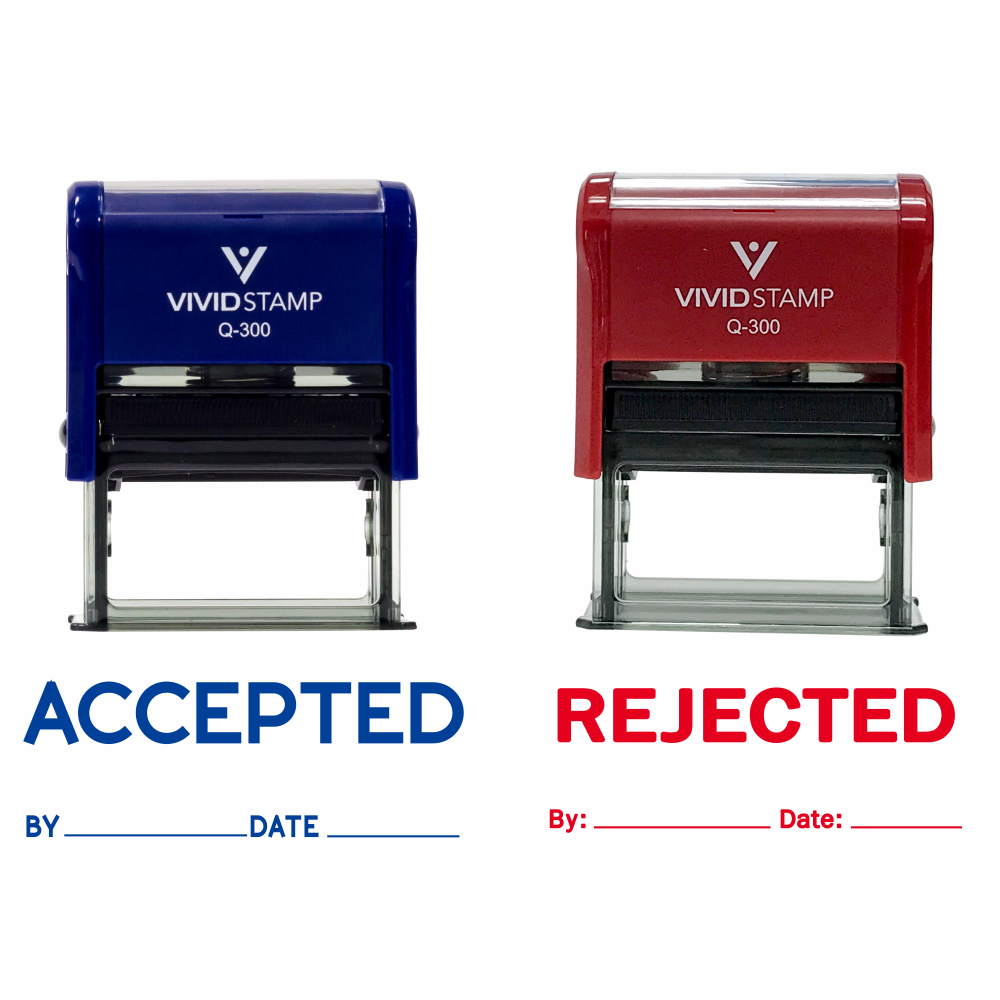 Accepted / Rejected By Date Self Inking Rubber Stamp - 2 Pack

..............................

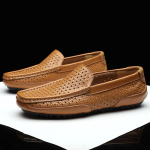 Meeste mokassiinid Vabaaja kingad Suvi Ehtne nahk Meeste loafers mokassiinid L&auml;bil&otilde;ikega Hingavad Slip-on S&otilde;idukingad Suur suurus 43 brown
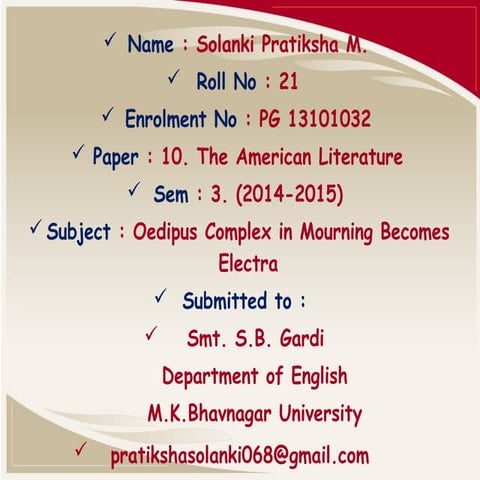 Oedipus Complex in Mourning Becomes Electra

..............................

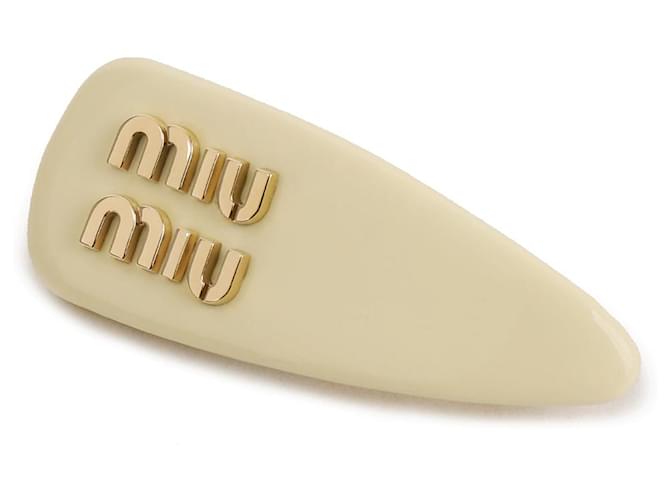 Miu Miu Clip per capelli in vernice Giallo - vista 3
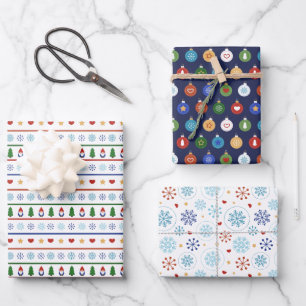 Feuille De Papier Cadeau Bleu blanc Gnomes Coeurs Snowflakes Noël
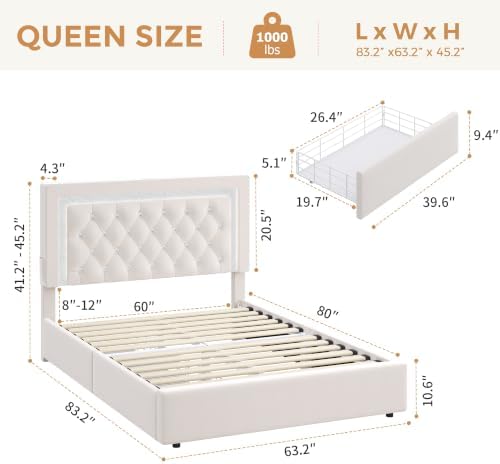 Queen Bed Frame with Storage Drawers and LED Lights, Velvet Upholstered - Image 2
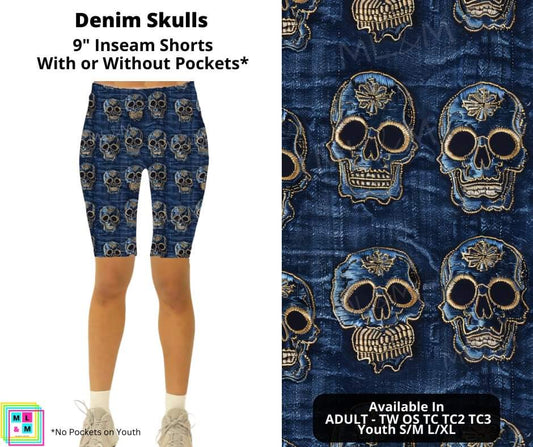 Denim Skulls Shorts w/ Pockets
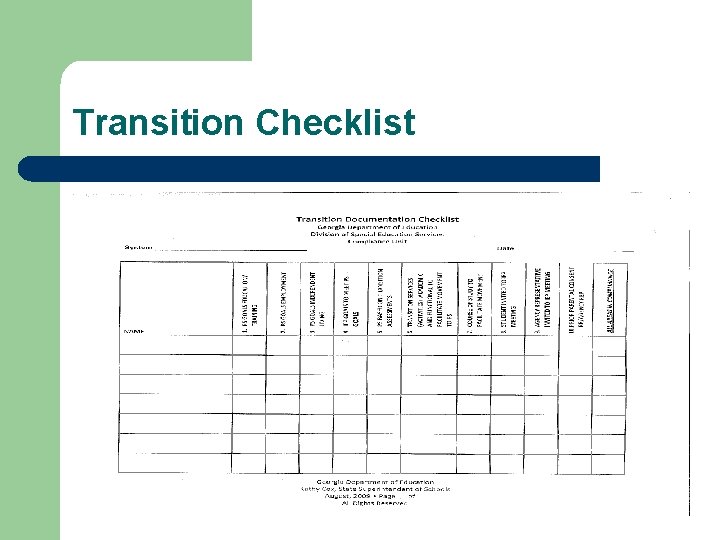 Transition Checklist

..............................

• **Brief**:
Nothing but the lines from the one with "Miu Miu Clip" to the one with "Transition Checklist" above, both included, should be transcribed, exactly and without pictures.

• **Expected answer**:
 Miu Miu Clip per capelli in vernice Giallo - vista 3
 Feuille De Papier Cadeau Bleu blanc Gnomes Coeurs Snowflakes Noël
 Queen Bed Frame with Storage Drawers and LED Lights, Velvet Upholstered - Image 2
 Denim Skulls Shorts w/ Pockets
 Transition Checklist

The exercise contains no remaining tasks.